Duolingo lays off workers to replace them with AI

Duolingo lays off workers to replace them with AI

Duolingo, the language learning app, recently parted ways with 10% of its translation contractors, hoping to replace them with Artificial Intelligence (AI) tools, reports Bloomberg.

Speaking to Bloomberg, a Duolingo spokesperson said, “We just no longer need as many people to do the type of work some of these contractors were doing. Part of that could be attributed to AI.”

This further confirms a stance the company began to make clear on a November earnings call where CEO Luis von Ahn said that the company was beginning to use AI for many applications, creating “new content dramatically faster,” including scripts for language teaching, and direct feedback to users on their premium offering.

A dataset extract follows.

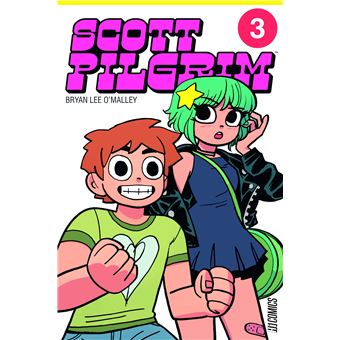 Scott Pilgrim - Scott Pilgrim, T3 - 1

The language learning app has been keen to clarify that it has not laid anyone off, simply declined to renew contracts after 2023 ended. The spokesperson said that this is not a “straight replacement” and that many staff use AI tools. No full-time staff were affected by this decision. It seems that Duolingo is moving towards an AI-augmented human workforce.

The reception by Duolingo customers has been negative

People have taken to social media to express their displeasure at the path the company is taking.

The Duolingo Subreddit is awash with people discussing the news, with many saying they plan to cancel their premium memberships.

People have also been discussing the removal of fan-favorite features such as user discussion boards and user-made grammar guides, with some speculation that the now-inaccessible information that people spent hundreds of unpaid hours making has been used to train AI with.

The ongoing effect of AI on the workforce

The World Economic Forum reported in April that AI is set to cause “significant labor-market disruption” over the next five years, with “substantial proportions of companies forecasting job displacement in their organizations.” The report also states that generative AI specifically was of concern.

In March last year, OpenAI, creators of ChatGPT who have since seen heavy investment from Microsoft, claimed that 19% of the workforce could see as much as 50% of their jobs affected by AI. Last year, Microsoft partnered with the American Federation of Labor and Congress of Industrial Organizations, which represents 60 labor unions, to “create an open dialogue” on how AI will impact workers, and to provide training to labor leaders. There have long been calls for these kinds of discussions between corporations and workers about AI.

Featured image credit: Dall-E

Ali Rees

Freelance journalist

Ali Rees is a freelance writer based in the UK. They have worked as a data and analytics consultant, a software tester, and a digital marketing and SEO specialist.

They have been a keen gamer and tech enthusiast since their childhood in are currently the Gaming and Tech editor at The Brig Newspaper. They also have a Substack where they review short video games.
During the pandemic, Ali turned their hand to live streaming and is a fan of Twitch. When not writing, Ali enjoys playing video and board games, live music, and reading. They have two cats and both of them are idiots.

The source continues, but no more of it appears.